Non è ovviamente il programma della “miseria”. È piuttosto l’evangelico “beati i poveri di spirito”, che ci fa essere figli totalmente abbandonati alle braccia del Padre, e per questo esperti del dono e capaci di dono. Il senso di queste “tre balze”, da scalare insieme, pastore e popolo, è quello di una vita che torna alla sua verità, ritrova l’essenziale, e soprattutto si rituffa nell’Amore.

A questo nostro cammino anche gli altri brani ascoltati danno indicazioni importanti.
Nel primo Mosè si rivolge al popolo dell’alleanza, consegnandogli la “Torah”, la legge di Dio. È questa legge, a suo dire, che ne fa un popolo “saggio e intelligente”. Vale in qualche modo per ogni altro popolo. Non si tratta solo di un quadro normativo, ma di un’esperienza della vicinanza di Dio, che si traduce in una sintonia vitale con il modo di essere e di pensare di Dio. Il Vangelo torna su questo tema, mettendoci in guardia dalla tentazione di esautorare la legge di Dio con un’osservanza esteriore, formale e legalistica. A chi tacciava i suoi discepoli di inosservanza per aver trascurato alcuni dettagli della tradizione, Gesù ricorda che il luogo decisivo di un’autentica religiosità è il cuore: è lì che l’incontro con Dio si fa profondo e vero, ma è anche lì che l’uomo – e con lui la famiglia, la società, in qualche modo la stessa Chiesa – si perverte, quando si abbandona a sentimenti e propositi che contrastano con la legge di Dio e sono, al tempo stesso, negazione dell’uomo. Gesù li enumera meticolosamente: «impurità, furti, omicidi, adultèri, avidità, malvagità, inganno, dissolutezza, invidia, calunnia, superbia, stoltezza». Non è, da parte di Gesù, il lamento che tante volte facciamo rimbalzare di bocca in bocca, vedendo solo il lato brutto del mondo, e addebitandolo soprattutto agli altri. Questa parola tagliente del Salvatore è un’operazione – verità, che ci sottrae all’aria viziata del peccato, per aprirci all’aria pura della santità.

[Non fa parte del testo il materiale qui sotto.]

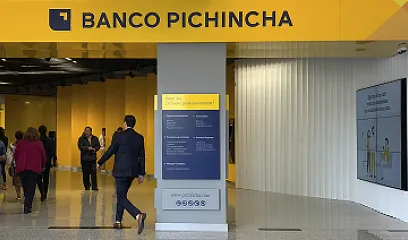 Transferencias Internacionales a través de nuestras agencias.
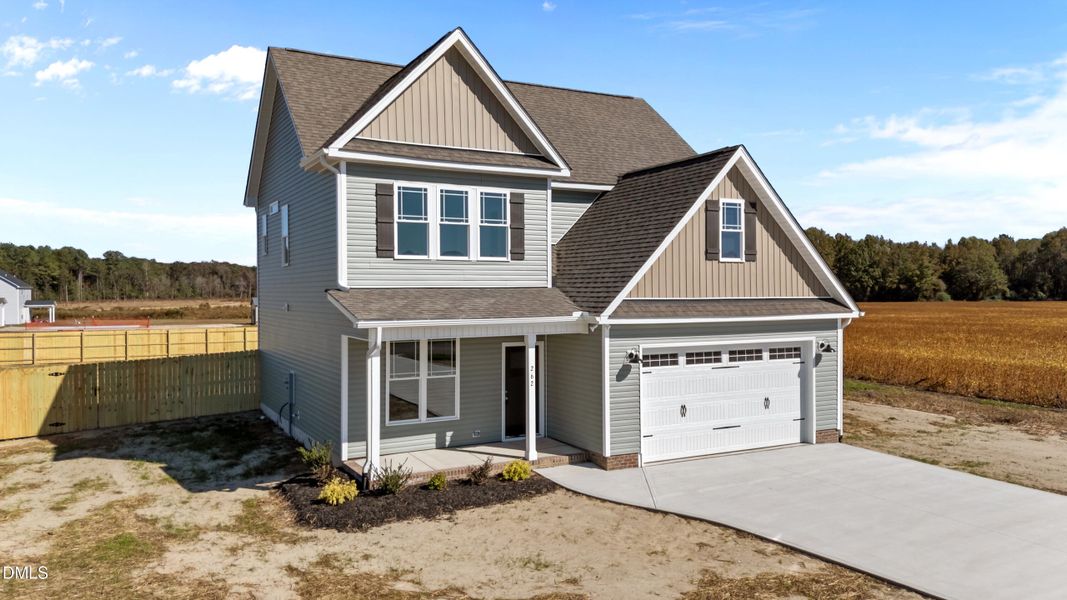 2-print-DJI_20251022140735_0244_D 2-print-DJI_20251022140735_0244_D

All’inizio di un ministero episcopale viene spontaneo ad un popolo che ha il primo contatto col suo pastore aspettarsi qualche orientamento. Dico subito e con semplicità: il mio programma è Gesù. Niente di più, niente di meno. Come lo è stato per voi finora. Gesù da riproporre con slancio missionario alla nostra società, alle nostre famiglie, ai nostri giovani. Gesù col suo Vangelo, perché il Vangelo sia lievito di fraternità, di cultura autentica, di economia solidale, di una politica posta al servizio del bene comune. Gesù insomma ragione stessa della nostra vita. Come declinare tutto questo in scelte concrete, personali e pastorali, lo vedremo insieme, con il metodo sinodale che a voi è già caro, sperimentato nei tanti anni di generoso e fecondo servizio di mons. Sigismondi, al quale esprimo il mio affetto davvero fraterno. Egli ha voluto che il vostro saluto per lui fosse la vostra accoglienza per me. Una delicatezza di cui gli sono riconoscente. So di trovare un clero accogliente, religiosi disponibili, laici consapevoli. Peraltro, avete fatto una bella assemblea, e i temi sui quali vi siete orientati, e che faccio miei – oratori (che è come dire giovani) e famiglia –, sono punti decisivi dell’odierna pastorale, alla quale è chiesto di essere più che mai missionaria. E chi più di san Feliciano, missionario d’eccezione, pastore dal cuore senza confini, ma radicato in questa santa Chiesa di Foligno, ci può ottenere lo slancio di cui abbiamo bisogno? Alla sua intercessione, a quella di tutti i santi folignati, e soprattutto alla Madonna del Pianto, affido il nostro cammino. Amen.